Upon regaining control, Taliban leaders have insisted that this time will be different, but this doesn’t really appear to be the case. They’ve instructed women to stay home from work because Taliban soldiers are “not trained” to respect them, and though they’ll be allowed to go to universities, unlike last time, they won’t be able to study alongside men.
Some foreign policy experts believe that part of the Taliban’s efforts to cast themselves as more tolerant toward women is because they’re seeking international legitimacy. Laurel Miller, the Asia program director for the nonprofit International Crisis Group, told NPR that the Taliban “have been very eager for public displays of their acceptance by governments around the world.” In the weeks leading up to their takeover in Kabul, the Islamic group met with officials in Iran, Russia, and China to discuss the fate of Afghanistan.
But Smith doesn’t expect the Taliban’s return to power to ultimately be any different. Even though the Taliban pledged that women would have rights “within the bounds of Islamic law,” she said it’s such an extreme interpretation that it “doesn’t translate into women and girls being safe and free.” That’s why her institute believes it’ll be critical to continue evacuation efforts and find ways to support them. “So often it’s women and girls that are left behind or marginalized in a crisis or in the aftermath of a crisis or a war, they’re the last to be thought of, and that just cannot be the case this time,” she said.
The next major concern in Afghanistan is hunger — the groups warn that the country is on the brink of a humanitarian crisis due to limited resources. Clarke explained that farming has taken a hit due to the instability in the region and food prices are already skyrocketing. “We’re already seeing examples of people who are going hungry,” she told us. “And certainly if you’re a single woman or you’re a widow and you don’t have a male relative, going outside for food is increasingly dangerous.”
Women for Women International has been in Afghanistan since 2002, a year after the U.S. invaded the country. With a completely Afghan team, the organization has been helping women there claim their power both inside and outside the home. This includes teaching women financial know-how like how to balance the family budget and training them how to start their own business. Ultimately, while the Taliban may take away their freedoms, Clarke said that the skills and empowerment they’ve found can’t be taken away from them.
As for what’s next, Clarke believes there will be a lot more movement out of the country, especially in light of an agreement that the U.S. and 97 other countries made with the Taliban to allow for the continued evacuation of remaining Afghan allies and Americans. Drawing comparisons to war-torn South Sudan, she said women will ultimately be able to take the tools they’ve learned with them wherever they go, creating “new spaces for being able to do the important work.”

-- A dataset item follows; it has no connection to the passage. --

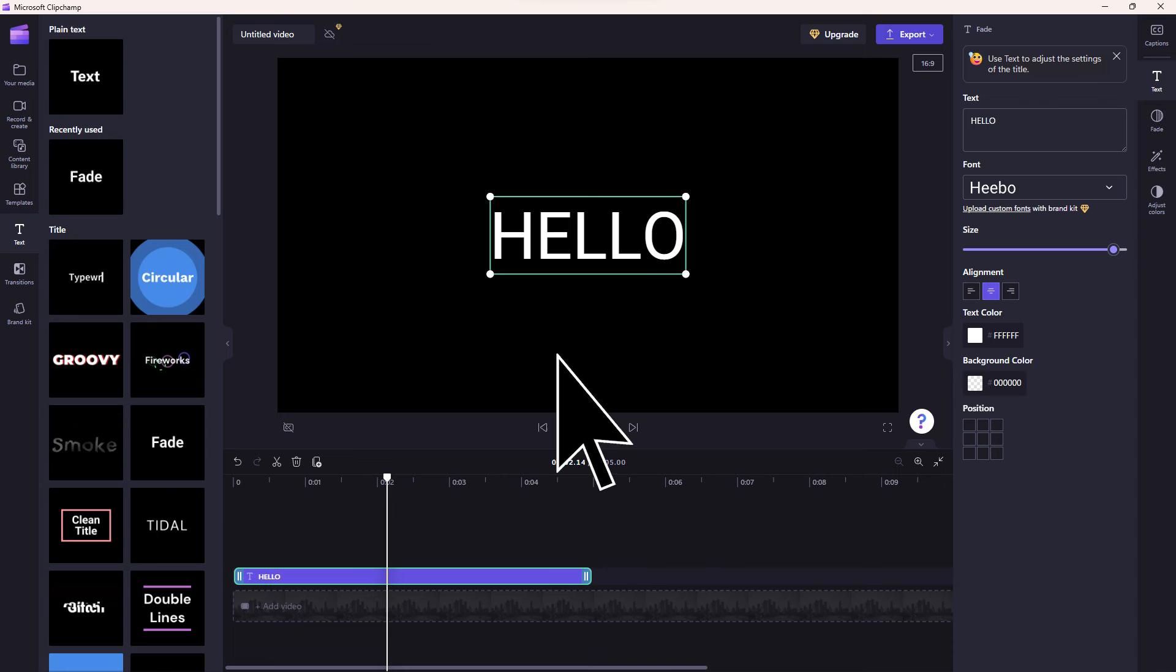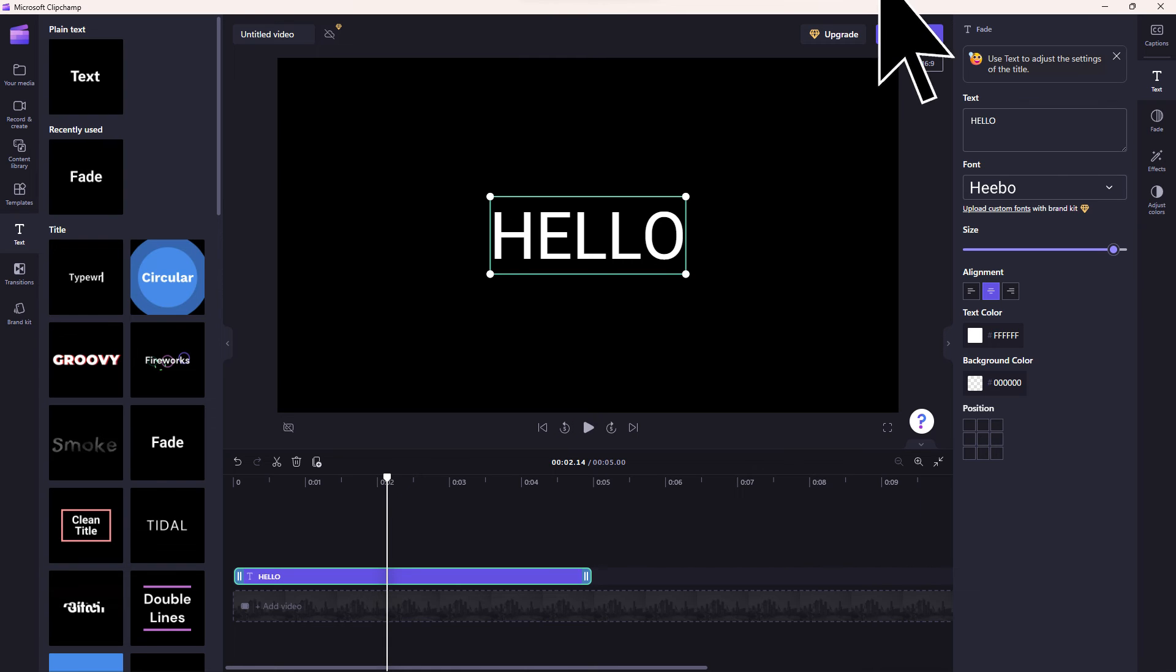Review the project to see how the moving text looks. Once satisfied, save or export your video with the moving text.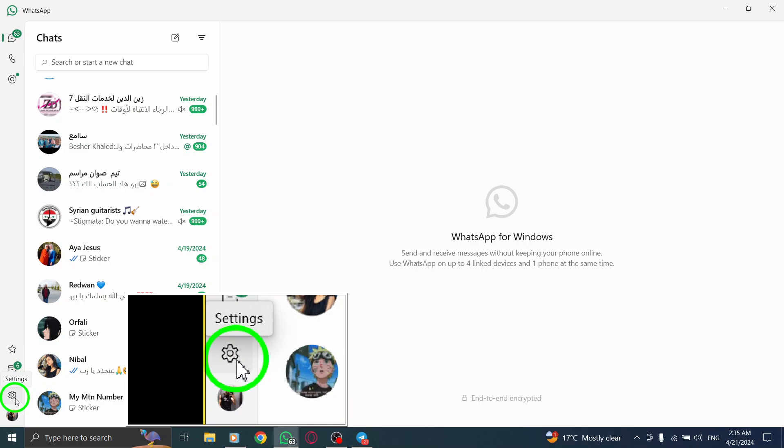Here, you will spot an icon consisting of three horizontal lines. This icon serves as the gateway to the menu that houses various options, including settings.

“The way it’s often framed as is that the absence of the Taliban sort of allowed to spring forth women’s rights, but actually it’s been 20 years of women organizing and working to claim their rights that had brought them this far,” she said.
Interested in donating to the emergency fund? You can check it out here. There are also other ways of showing your support — you can also sign a petition, call your Congressperson, or raise awareness by taking to social media.
Smith believes this ongoing support for Afghan women and girls will be critical in the coming months. “There’s going to need to be ongoing attention to what has happened for the Afghan women and girls and the families that have been able to get out of the country safely, but also to continue to shine a spotlight on the women and girls that are left behind,” she said.